Insys Rep: Uh, let me look here…[mumbling]…medication is intended for the treatment of breakthrough cancer pain. The doctor is treating the patient for breakthrough pain with a diagnosis code of 338.29 [chronic pain]…
Insys rep: 338.29, yes and 338.4 [chronic pain syndrome]
PBM: And did you also say 338.4?
Insys Representative: Yes
PM: Thank you. [pause] Is it also for the breakthrough cancer pain or not?
Insys representative: Well, there is no code for breakthrough cancer pain.
PBM: Yes, and that’s fine. I typed out the description. I just wanted to make sure I heard you right.
Insys rep: It’s for breakthrough pain, yes.
PBM: Good. OK.
According to court documents filed by Fuller’s family, Fuller died on March 25, 2016 “due to an adverse reaction to prescription drugs.”
In a statement, McCaskill explained that this probably wouldn’t be a unique situation, saying:
“There is extensive evidence that Insys aggressively pressured its employees and the entire medical system to increase the use of a fentanyl product during a national epidemic that killed tens of thousands of Americans each year in order to make more money. to imagine something more despicable. Their attempts to manipulate the approval process for this drug appear to have been systemic, and anyone responsible for this manipulation deserves prosecution.”
McCaskill also released a letter from Insys’ new president and CEO, Saeed Motahari, highlighting that the company has undergone a major overhaul, with executives reshuffled and more than 90 percent of staff transitioned. He joined Insys in mid-2017 and is a former director of Purdue Pharma.

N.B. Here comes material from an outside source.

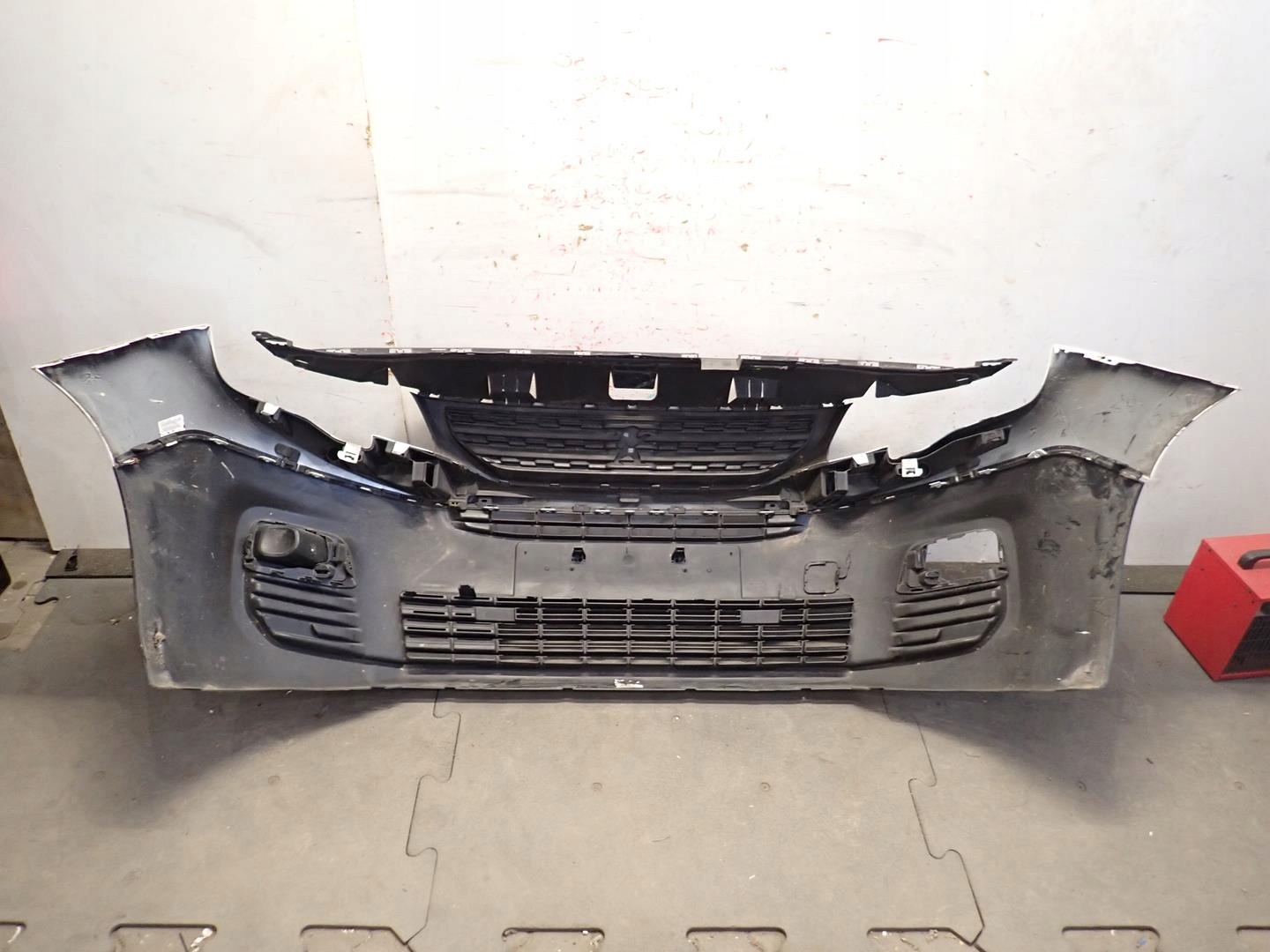 Přední nárazník PEUGEOT RIFTER 2018 - 95+486468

“Like you and your staff,” he wrote, “I was concerned about certain mistakes and unacceptable actions by former Insys employees.” He said the company has since introduced new programs and ethical standards to address issues. “We passionately believe the company has taken steps to ensure we don’t repeat the mistakes of the past.”

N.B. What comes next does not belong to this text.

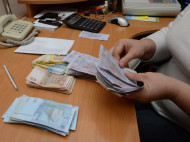 Влада оголосила розмір виплат для українців в&nbsp;&laquo;червоних&raquo; зонах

Insys and its former executives face several federal, state and civil lawsuits related to the opioid drugs and their distribution.
The Senate Judiciary Committee investigation continues. McCaskill expanded it to include “documents and information from opioid manufacturers Mallinckrodt, Endo, Teva, and Allergan, while a request to McKesson Corporation, AmerisourceBergen Corporation, and Cardinal Health, Inc. focused on their distribution of opioid products.”